Intelligent power grids: IoT and the energy revolution

30.11.2020 by Pauline Batzer
People with protective helmets in front of windmills.

The energy sector is changing: Coal-fired power plants and nuclear reactors are giving way to wind turbines and solar panels to cover our future energy needs. What role will the Internet of Things play for electrical grid operators and consumers?

The energy sector is becoming greener. Whereas coal-fired and nuclear power plants used to be the primary sources of Germany’s electricity, thousands of wind turbines, biogas plants and solar parks are now producing energy between Kiel and Lake Constance. The share of renewable energy covering total electricity consumption continues to grow: In 2000, six percent of Germany’s electricity was generated from green sources, but by 2019 this figure had risen to 42 percent. This means the target for a successful transition to renewable energy according to the German government’s Renewable Energy Sources Act (EEG) has already been met: By 2025 more than 40 percent of the electricity consumed in Germany should come from green energy sources.

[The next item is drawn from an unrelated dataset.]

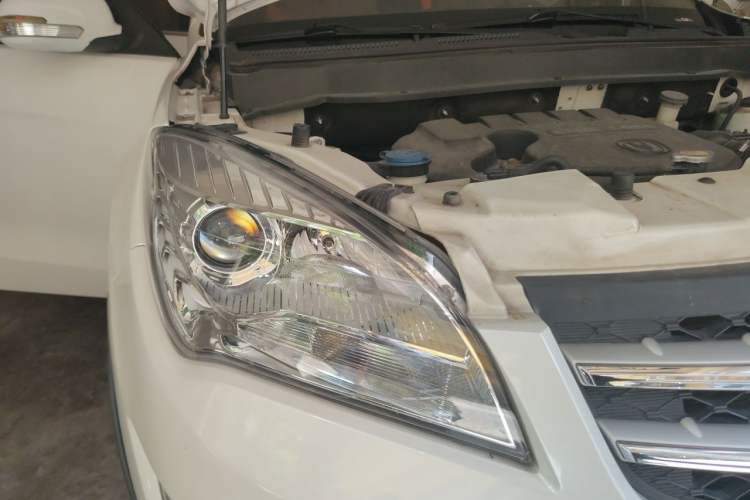 Used CHANGAN CS35 2015 1.6L Automatic Luxury Model China V Standard Right Front Headlight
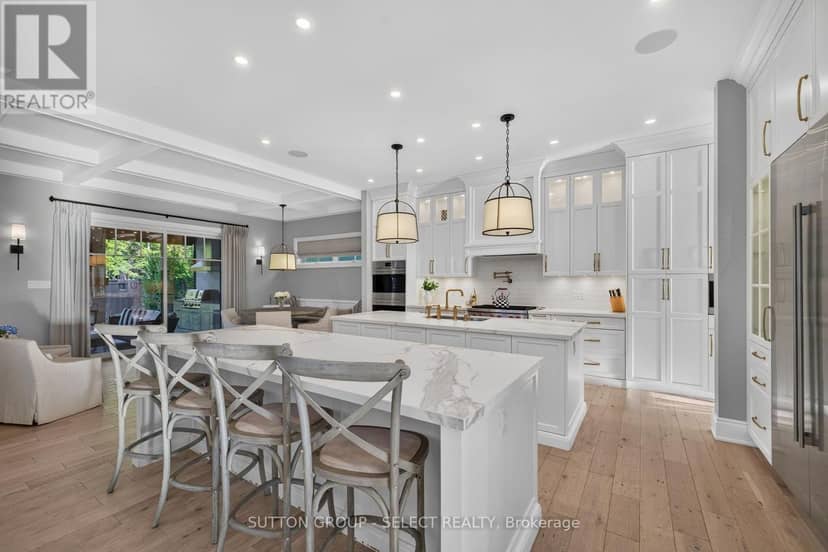 1764 Upper West Avenue — photo 11 of 40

Controlling Smart Power Grids With Digital Solutions

The increasing share of renewables means CO2 emissions are decreasing. However, new challenges are also emerging for the energy markets, such as the management of decentralized plants, greater dependence on weather conditions and the reliable feeding and distribution of electricity into and from the power grid. Until now, such management has been quite simple: network operators only had to control a few power plants, making it easy to coordinate generation, consumption and storage. They always knew how much electricity each power plant would supply and when. In addition, plants could be switched off or started up depending on the current network load.

But the more decentralized the energy supply becomes, the more complex the control of the grid becomes. Wind turbines only supply electricity when a breeze blows and solar parks only when the sun is shining. Today, thousands of decentralized energy generation units feed electricity into the network. In order to avoid overloading or underloading the grid, companies in the energy sector must be able to react at any time to start up or shut down plants. This is a task for the energy sector that can hardly be solved without digital support, especially since network operators simply do not have access to the many plants feeding in power.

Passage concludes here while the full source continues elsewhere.